*** Opening of Given data ***

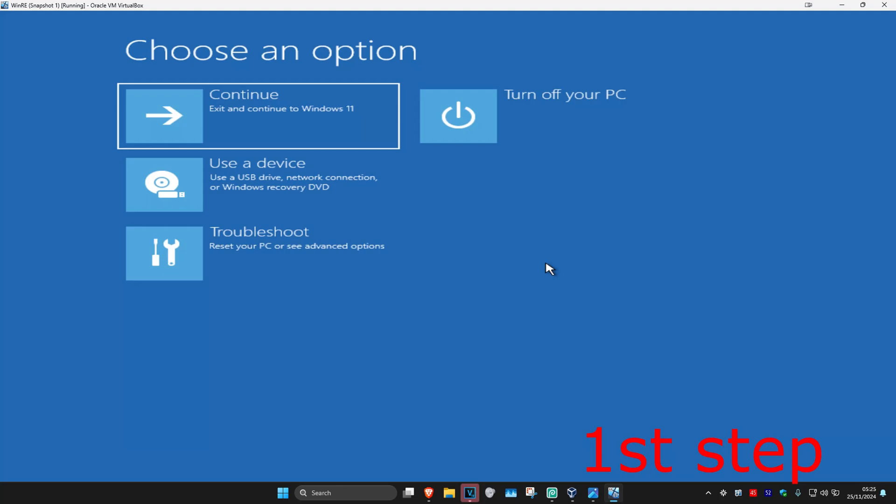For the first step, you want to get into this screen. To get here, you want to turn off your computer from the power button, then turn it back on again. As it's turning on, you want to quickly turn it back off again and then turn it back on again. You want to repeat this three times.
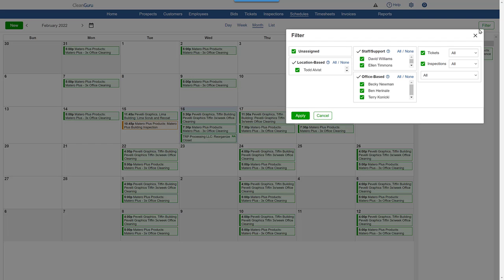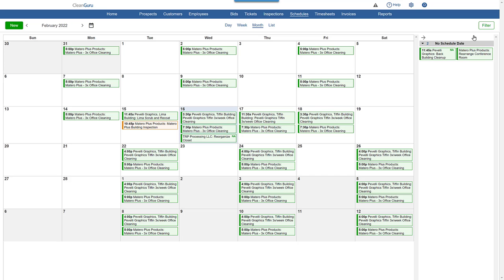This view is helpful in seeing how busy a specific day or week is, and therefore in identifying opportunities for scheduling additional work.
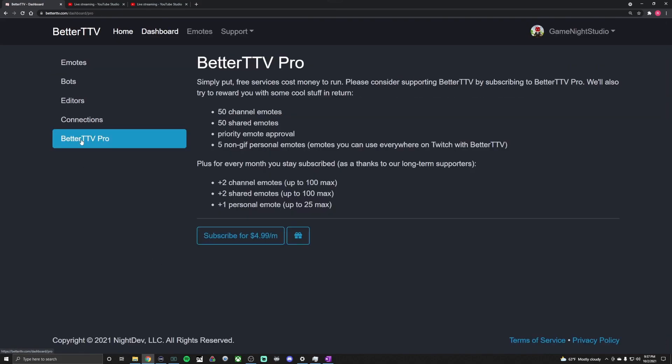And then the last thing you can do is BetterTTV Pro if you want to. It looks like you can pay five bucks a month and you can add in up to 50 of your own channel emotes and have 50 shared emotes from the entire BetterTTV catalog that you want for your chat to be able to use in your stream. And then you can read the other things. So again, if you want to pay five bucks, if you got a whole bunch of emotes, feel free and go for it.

*** Close of Given data ***

» **Try it**
Go to the line containing "This view is", then write out word for word every line from there to the end of the listing. Keep both end lines and drop the pictures.

» **Solution for this problem**
This view is helpful in seeing how busy a specific day or week is, and therefore in identifying opportunities for scheduling additional work.
And then the last thing you can do is BetterTTV Pro if you want to. It looks like you can pay five bucks a month and you can add in up to 50 of your own channel emotes and have 50 shared emotes from the entire BetterTTV catalog that you want for your chat to be able to use in your stream. And then you can read the other things. So again, if you want to pay five bucks, if you got a whole bunch of emotes, feel free and go for it.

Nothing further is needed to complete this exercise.